EXERCISE DATA —
################

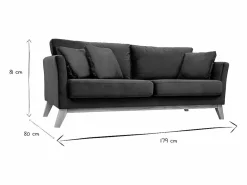 Sofá nórdico 3 plazas terciopelo oscuro desenfundable patas madera OSLO^Miliboo Online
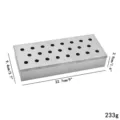 Detalle de caja ahumadora BBQ de acero inoxidable con dimensiones, agujeros y estructura. - Caja Ahumadora de 23 Agujeros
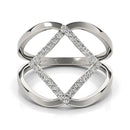 14k White Gold Interlaced Design Diamond Ring (1/5 cttw)-2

################

GOAL OF THE EXERCISE — Each line above must be set down exactly, though no picture should be carried over.

RESPONSE —
 Sofá nórdico 3 plazas terciopelo oscuro desenfundable patas madera OSLO^Miliboo Online
 Detalle de caja ahumadora BBQ de acero inoxidable con dimensiones, agujeros y estructura. - Caja Ahumadora de 23 Agujeros
 14k White Gold Interlaced Design Diamond Ring (1/5 cttw)-2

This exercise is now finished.